# 3D Printing > General 3D Printing Discussion >  3D Printer Market to Grow by 1979% in next 3 years

## Eddie

3D Printers at home are a new fad, however this fad seems to be growing at an exponential rate according to Gartner Estimates.  Gartner estimates that in home 3D Printing use will increase 49% this year, and an additional 62% in 2014.  The growth trend continues at an increasing rate in 2015 and 2016 as well.  

According to the report
The 3D printer market will grow from $288 million today to over $5.7 billion by 2017, an impressive 1979% increase in just over 3 years time.

What other market has grown this fast this quickly?  Will the 3D printers rival the internet in terms of life changing technological progress?
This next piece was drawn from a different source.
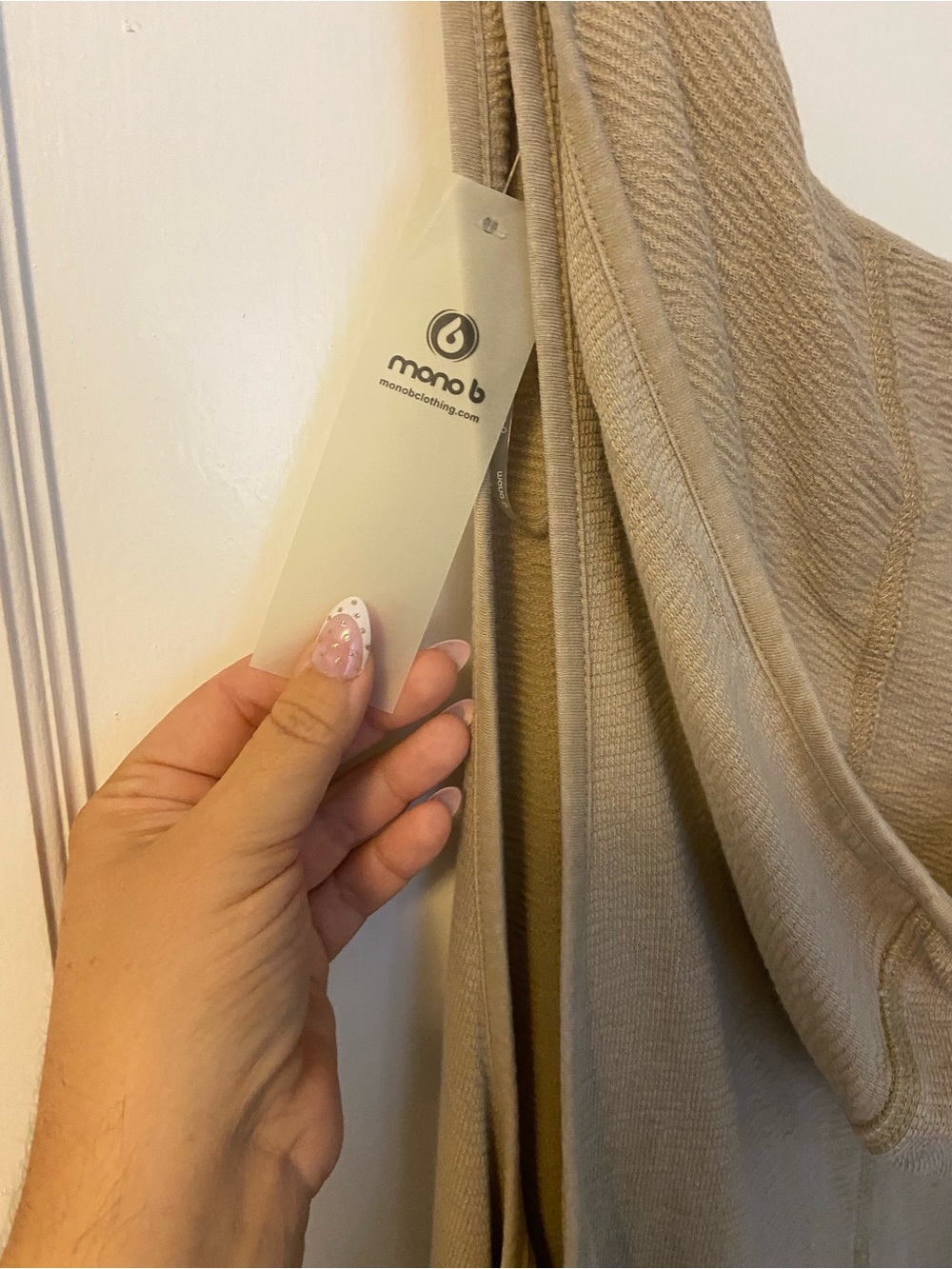 Lauriebelles Boutique Mono B Khaki Tank Romper with Front Pockets - Picture 3 of 3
The full report can be purchased from Gartner here:
http://www.gartner.com/DisplayDocument?id=2598122

More details:
http://www.3ders.org//articles/20131...t-in-2013.html

----------


## Lindros_bigE

Pretty amazing.  There is going to be a ton of money to make in 3D printing in the coming years!  Wonder how accurate Gartner will be with this estimate.

----------


## redrick

Gartner is usually pretty close with their estimates as they talk with all the big boys of the large corporations.  If in 3 years it will grow by 20X, what about 10 years?  1000X?  Crazy to think about.  Anyone who is not investing in some way within the industry is crazy in my opinion.

----------


## cmidan

How are local and small scale entrepreneurs getting involved in 3d printing?  Looking for opportunities to participate with people in this sector.

Dan

----------


## squadus

Wow in only two years? There is still a lot of room for growth. I'm excited to see what will happen these next few years for 3D printing.

----------


## Geoff

I think completely feasible figures, we havent scratched the surface yet for consumer end printing, it could even be higher than that. Imagine what's going to happen on the next Tech breakthrough?? BOOM ! market explosionh... 

3 years, going on 4 now...  I have not seen consumer printers _really_ improve all that much. SLA is still pricey and FDM has not vastly improved the speed (which let's be honest is the biggest downside to 3D printing... ) 
Once the machines are printing in the 200-300mm/s range I think that's when we will really see some action in the industry rather than succession after succession of _slightly_ better machines.

----------